## WHAT IS BEING ASKED
Please return each line of the listing exactly as given.

Segment Start: RAW DATA

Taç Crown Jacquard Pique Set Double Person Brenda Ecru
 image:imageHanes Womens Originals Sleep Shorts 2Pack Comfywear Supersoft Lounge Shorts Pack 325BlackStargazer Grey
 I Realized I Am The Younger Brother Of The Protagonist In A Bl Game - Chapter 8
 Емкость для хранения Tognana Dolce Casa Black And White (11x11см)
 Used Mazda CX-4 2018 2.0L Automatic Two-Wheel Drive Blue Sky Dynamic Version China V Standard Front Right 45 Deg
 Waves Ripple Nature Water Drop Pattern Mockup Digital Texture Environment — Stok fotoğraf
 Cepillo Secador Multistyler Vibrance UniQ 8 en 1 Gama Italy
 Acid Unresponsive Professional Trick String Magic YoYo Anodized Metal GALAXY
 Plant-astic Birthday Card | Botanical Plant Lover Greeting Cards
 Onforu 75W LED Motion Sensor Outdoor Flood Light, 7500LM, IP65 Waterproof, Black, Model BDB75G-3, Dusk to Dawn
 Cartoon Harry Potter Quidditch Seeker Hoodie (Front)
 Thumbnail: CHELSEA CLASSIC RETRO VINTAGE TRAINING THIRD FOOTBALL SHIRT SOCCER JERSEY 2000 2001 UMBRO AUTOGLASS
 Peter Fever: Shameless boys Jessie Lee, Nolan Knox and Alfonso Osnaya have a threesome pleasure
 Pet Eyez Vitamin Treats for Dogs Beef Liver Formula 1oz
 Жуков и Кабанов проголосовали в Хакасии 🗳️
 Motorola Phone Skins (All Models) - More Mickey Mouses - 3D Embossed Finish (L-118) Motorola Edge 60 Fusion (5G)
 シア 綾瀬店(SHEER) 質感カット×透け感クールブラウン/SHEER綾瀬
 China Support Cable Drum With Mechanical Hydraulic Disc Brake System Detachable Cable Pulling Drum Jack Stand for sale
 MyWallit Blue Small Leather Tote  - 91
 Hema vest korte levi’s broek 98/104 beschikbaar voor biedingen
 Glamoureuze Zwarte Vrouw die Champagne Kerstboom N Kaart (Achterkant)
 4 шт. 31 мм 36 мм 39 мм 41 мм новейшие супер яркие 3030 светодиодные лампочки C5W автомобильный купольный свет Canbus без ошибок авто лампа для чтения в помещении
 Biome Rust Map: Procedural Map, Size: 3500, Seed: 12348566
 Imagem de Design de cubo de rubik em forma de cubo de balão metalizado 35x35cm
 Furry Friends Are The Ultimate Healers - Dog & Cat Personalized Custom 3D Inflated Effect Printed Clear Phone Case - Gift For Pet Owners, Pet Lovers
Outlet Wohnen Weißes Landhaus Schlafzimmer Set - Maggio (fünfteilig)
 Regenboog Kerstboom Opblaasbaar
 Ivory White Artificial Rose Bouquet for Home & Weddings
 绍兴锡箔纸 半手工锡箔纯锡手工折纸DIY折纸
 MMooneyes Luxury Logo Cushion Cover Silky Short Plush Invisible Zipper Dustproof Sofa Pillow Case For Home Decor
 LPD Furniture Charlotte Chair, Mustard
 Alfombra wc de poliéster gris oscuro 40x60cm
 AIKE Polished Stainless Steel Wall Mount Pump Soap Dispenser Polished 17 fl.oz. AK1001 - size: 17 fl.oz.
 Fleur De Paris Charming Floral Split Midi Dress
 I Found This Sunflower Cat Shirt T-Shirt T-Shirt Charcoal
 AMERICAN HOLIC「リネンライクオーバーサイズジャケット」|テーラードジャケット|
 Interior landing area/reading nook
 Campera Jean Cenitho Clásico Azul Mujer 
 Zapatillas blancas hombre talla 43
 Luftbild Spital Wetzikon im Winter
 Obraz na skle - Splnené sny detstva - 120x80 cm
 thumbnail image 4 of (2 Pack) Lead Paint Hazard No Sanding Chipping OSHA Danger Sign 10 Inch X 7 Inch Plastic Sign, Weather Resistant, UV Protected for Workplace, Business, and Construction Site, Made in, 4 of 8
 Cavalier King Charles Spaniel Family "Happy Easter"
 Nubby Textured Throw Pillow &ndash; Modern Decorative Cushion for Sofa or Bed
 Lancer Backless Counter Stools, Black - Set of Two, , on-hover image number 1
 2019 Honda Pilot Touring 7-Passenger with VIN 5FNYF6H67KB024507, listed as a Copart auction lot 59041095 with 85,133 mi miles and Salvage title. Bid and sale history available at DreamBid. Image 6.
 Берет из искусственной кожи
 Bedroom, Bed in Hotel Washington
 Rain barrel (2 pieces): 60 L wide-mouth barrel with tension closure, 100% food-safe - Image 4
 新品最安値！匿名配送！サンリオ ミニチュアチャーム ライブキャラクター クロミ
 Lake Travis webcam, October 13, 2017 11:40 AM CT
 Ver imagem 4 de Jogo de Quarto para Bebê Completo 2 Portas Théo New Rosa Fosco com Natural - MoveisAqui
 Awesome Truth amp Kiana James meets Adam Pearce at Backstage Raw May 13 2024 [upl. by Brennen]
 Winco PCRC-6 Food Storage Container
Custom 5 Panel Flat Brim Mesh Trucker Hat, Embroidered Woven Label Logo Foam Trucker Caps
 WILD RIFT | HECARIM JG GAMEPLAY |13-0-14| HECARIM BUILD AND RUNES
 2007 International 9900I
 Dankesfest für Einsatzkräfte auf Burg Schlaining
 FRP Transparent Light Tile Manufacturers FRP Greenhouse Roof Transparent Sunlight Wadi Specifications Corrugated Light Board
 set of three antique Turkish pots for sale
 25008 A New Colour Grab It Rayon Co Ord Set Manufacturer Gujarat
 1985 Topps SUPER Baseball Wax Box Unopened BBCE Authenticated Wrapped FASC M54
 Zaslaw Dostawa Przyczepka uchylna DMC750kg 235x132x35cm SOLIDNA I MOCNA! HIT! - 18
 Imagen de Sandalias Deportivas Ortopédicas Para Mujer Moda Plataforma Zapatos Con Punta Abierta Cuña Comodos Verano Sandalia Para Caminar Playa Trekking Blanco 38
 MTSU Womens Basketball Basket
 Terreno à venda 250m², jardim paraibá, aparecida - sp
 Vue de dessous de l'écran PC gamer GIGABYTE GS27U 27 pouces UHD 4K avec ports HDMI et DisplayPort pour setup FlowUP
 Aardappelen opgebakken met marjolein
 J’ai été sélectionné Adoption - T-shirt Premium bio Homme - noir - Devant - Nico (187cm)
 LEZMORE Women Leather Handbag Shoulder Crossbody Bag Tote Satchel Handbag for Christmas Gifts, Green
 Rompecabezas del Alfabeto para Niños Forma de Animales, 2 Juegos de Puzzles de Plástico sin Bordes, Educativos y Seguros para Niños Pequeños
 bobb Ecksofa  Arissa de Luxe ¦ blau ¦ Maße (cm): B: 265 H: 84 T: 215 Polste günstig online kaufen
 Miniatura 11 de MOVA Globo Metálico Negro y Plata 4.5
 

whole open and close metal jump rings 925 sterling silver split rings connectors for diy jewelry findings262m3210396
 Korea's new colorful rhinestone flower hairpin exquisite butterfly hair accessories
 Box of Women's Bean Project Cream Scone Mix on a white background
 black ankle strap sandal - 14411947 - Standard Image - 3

Segment End: RAW DATA

## EXPECTED ANSWER
Taç Crown Jacquard Pique Set Double Person Brenda Ecru
 image:imageHanes Womens Originals Sleep Shorts 2Pack Comfywear Supersoft Lounge Shorts Pack 325BlackStargazer Grey
 I Realized I Am The Younger Brother Of The Protagonist In A Bl Game - Chapter 8
 Емкость для хранения Tognana Dolce Casa Black And White (11x11см)
 Used Mazda CX-4 2018 2.0L Automatic Two-Wheel Drive Blue Sky Dynamic Version China V Standard Front Right 45 Deg
 Waves Ripple Nature Water Drop Pattern Mockup Digital Texture Environment — Stok fotoğraf
 Cepillo Secador Multistyler Vibrance UniQ 8 en 1 Gama Italy
 Acid Unresponsive Professional Trick String Magic YoYo Anodized Metal GALAXY
 Plant-astic Birthday Card | Botanical Plant Lover Greeting Cards
 Onforu 75W LED Motion Sensor Outdoor Flood Light, 7500LM, IP65 Waterproof, Black, Model BDB75G-3, Dusk to Dawn
 Cartoon Harry Potter Quidditch Seeker Hoodie (Front)
 Thumbnail: CHELSEA CLASSIC RETRO VINTAGE TRAINING THIRD FOOTBALL SHIRT SOCCER JERSEY 2000 2001 UMBRO AUTOGLASS
 Peter Fever: Shameless boys Jessie Lee, Nolan Knox and Alfonso Osnaya have a threesome pleasure
 Pet Eyez Vitamin Treats for Dogs Beef Liver Formula 1oz
 Жуков и Кабанов проголосовали в Хакасии 🗳️
 Motorola Phone Skins (All Models) - More Mickey Mouses - 3D Embossed Finish (L-118) Motorola Edge 60 Fusion (5G)
 シア 綾瀬店(SHEER) 質感カット×透け感クールブラウン/SHEER綾瀬
 China Support Cable Drum With Mechanical Hydraulic Disc Brake System Detachable Cable Pulling Drum Jack Stand for sale
 MyWallit Blue Small Leather Tote  - 91
 Hema vest korte levi’s broek 98/104 beschikbaar voor biedingen
 Glamoureuze Zwarte Vrouw die Champagne Kerstboom N Kaart (Achterkant)
 4 шт. 31 мм 36 мм 39 мм 41 мм новейшие супер яркие 3030 светодиодные лампочки C5W автомобильный купольный свет Canbus без ошибок авто лампа для чтения в помещении
 Biome Rust Map: Procedural Map, Size: 3500, Seed: 12348566
 Imagem de Design de cubo de rubik em forma de cubo de balão metalizado 35x35cm
 Furry Friends Are The Ultimate Healers - Dog & Cat Personalized Custom 3D Inflated Effect Printed Clear Phone Case - Gift For Pet Owners, Pet Lovers
Outlet Wohnen Weißes Landhaus Schlafzimmer Set - Maggio (fünfteilig)
 Regenboog Kerstboom Opblaasbaar
 Ivory White Artificial Rose Bouquet for Home & Weddings
 绍兴锡箔纸 半手工锡箔纯锡手工折纸DIY折纸
 MMooneyes Luxury Logo Cushion Cover Silky Short Plush Invisible Zipper Dustproof Sofa Pillow Case For Home Decor
 LPD Furniture Charlotte Chair, Mustard
 Alfombra wc de poliéster gris oscuro 40x60cm
 AIKE Polished Stainless Steel Wall Mount Pump Soap Dispenser Polished 17 fl.oz. AK1001 - size: 17 fl.oz.
 Fleur De Paris Charming Floral Split Midi Dress
 I Found This Sunflower Cat Shirt T-Shirt T-Shirt Charcoal
 AMERICAN HOLIC「リネンライクオーバーサイズジャケット」|テーラードジャケット|
 Interior landing area/reading nook
 Campera Jean Cenitho Clásico Azul Mujer 
 Zapatillas blancas hombre talla 43
 Luftbild Spital Wetzikon im Winter
 Obraz na skle - Splnené sny detstva - 120x80 cm
 thumbnail image 4 of (2 Pack) Lead Paint Hazard No Sanding Chipping OSHA Danger Sign 10 Inch X 7 Inch Plastic Sign, Weather Resistant, UV Protected for Workplace, Business, and Construction Site, Made in, 4 of 8
 Cavalier King Charles Spaniel Family "Happy Easter"
 Nubby Textured Throw Pillow &ndash; Modern Decorative Cushion for Sofa or Bed
 Lancer Backless Counter Stools, Black - Set of Two, , on-hover image number 1
 2019 Honda Pilot Touring 7-Passenger with VIN 5FNYF6H67KB024507, listed as a Copart auction lot 59041095 with 85,133 mi miles and Salvage title. Bid and sale history available at DreamBid. Image 6.
 Берет из искусственной кожи
 Bedroom, Bed in Hotel Washington
 Rain barrel (2 pieces): 60 L wide-mouth barrel with tension closure, 100% food-safe - Image 4
 新品最安値！匿名配送！サンリオ ミニチュアチャーム ライブキャラクター クロミ
 Lake Travis webcam, October 13, 2017 11:40 AM CT
 Ver imagem 4 de Jogo de Quarto para Bebê Completo 2 Portas Théo New Rosa Fosco com Natural - MoveisAqui
 Awesome Truth amp Kiana James meets Adam Pearce at Backstage Raw May 13 2024 [upl. by Brennen]
 Winco PCRC-6 Food Storage Container
Custom 5 Panel Flat Brim Mesh Trucker Hat, Embroidered Woven Label Logo Foam Trucker Caps
 WILD RIFT | HECARIM JG GAMEPLAY |13-0-14| HECARIM BUILD AND RUNES
 2007 International 9900I
 Dankesfest für Einsatzkräfte auf Burg Schlaining
 FRP Transparent Light Tile Manufacturers FRP Greenhouse Roof Transparent Sunlight Wadi Specifications Corrugated Light Board
 set of three antique Turkish pots for sale
 25008 A New Colour Grab It Rayon Co Ord Set Manufacturer Gujarat
 1985 Topps SUPER Baseball Wax Box Unopened BBCE Authenticated Wrapped FASC M54
 Zaslaw Dostawa Przyczepka uchylna DMC750kg 235x132x35cm SOLIDNA I MOCNA! HIT! - 18
 Imagen de Sandalias Deportivas Ortopédicas Para Mujer Moda Plataforma Zapatos Con Punta Abierta Cuña Comodos Verano Sandalia Para Caminar Playa Trekking Blanco 38
 MTSU Womens Basketball Basket
 Terreno à venda 250m², jardim paraibá, aparecida - sp
 Vue de dessous de l'écran PC gamer GIGABYTE GS27U 27 pouces UHD 4K avec ports HDMI et DisplayPort pour setup FlowUP
 Aardappelen opgebakken met marjolein
 J’ai été sélectionné Adoption - T-shirt Premium bio Homme - noir - Devant - Nico (187cm)
 LEZMORE Women Leather Handbag Shoulder Crossbody Bag Tote Satchel Handbag for Christmas Gifts, Green
 Rompecabezas del Alfabeto para Niños Forma de Animales, 2 Juegos de Puzzles de Plástico sin Bordes, Educativos y Seguros para Niños Pequeños
 bobb Ecksofa  Arissa de Luxe ¦ blau ¦ Maße (cm): B: 265 H: 84 T: 215 Polste günstig online kaufen
 Miniatura 11 de MOVA Globo Metálico Negro y Plata 4.5
 

whole open and close metal jump rings 925 sterling silver split rings connectors for diy jewelry findings262m3210396
 Korea's new colorful rhinestone flower hairpin exquisite butterfly hair accessories
 Box of Women's Bean Project Cream Scone Mix on a white background
 black ankle strap sandal - 14411947 - Standard Image - 3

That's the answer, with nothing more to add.